Autor: rpmachado

My name is Rui Machado, i am 26 years old, informatic, specialized in Information Systems, more particularly in Business Intelligence and Database Development. I also have a special taste for Software Engineering. I have a degree in Information Systems a post Graduation in Business Intelligence and now I am finishing my Masters Degree in Informatics. Although I live in Vila Nova de Gaia, Porto, Portugal my imagination lives all over the world and I can't avoid my will to change and learn new things. For me there is no single life you can live as many as you want, you just need the courage to materialize your dreams and bury the past so deep that when someone finds it, you will be buried deeper. Along my life I have been a sports fan, playing football, roller hockey, karate, handball and table tennis.
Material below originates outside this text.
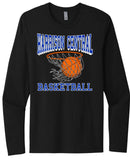 Harrison Central Hoops Next Level Cotton Long Sleeve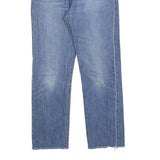 LEVI'S 501 Womens Jeans Blue Regular Straight Denim Medium W24 L26 Classic Fit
I am now focused in practicing surf and skateboarding :) I have already won several programming contests, have been a speaker at various seminars in the area of innovation and personal growth and i have already been awarded with four merit distinctions between my University and the Portuguese government. I am also a writer for syncfusion, having already written three eBooks: SQL Server Integration Services 2012, PowerShell and BizTalk Server.

[PowerShell] Auto-Refresh Excel PowerPivot Data

When working with Excel a common reality is connecting to your databases in order to create for example a data abstraction layer for you analysis which can be accomplished with PowerPivot.

Although Excel comes with a lot of wizards to connect to databases and even to refresh your data, when you start developing multiple reports and the number of files you need to refresh for example every day increase, this might become a headache and not very easy to manage.

In order to ease your life, the following PowerShell script accepts as a parameter a “folder path” where you can put all your excel files and then refreshes all power pivot models in it.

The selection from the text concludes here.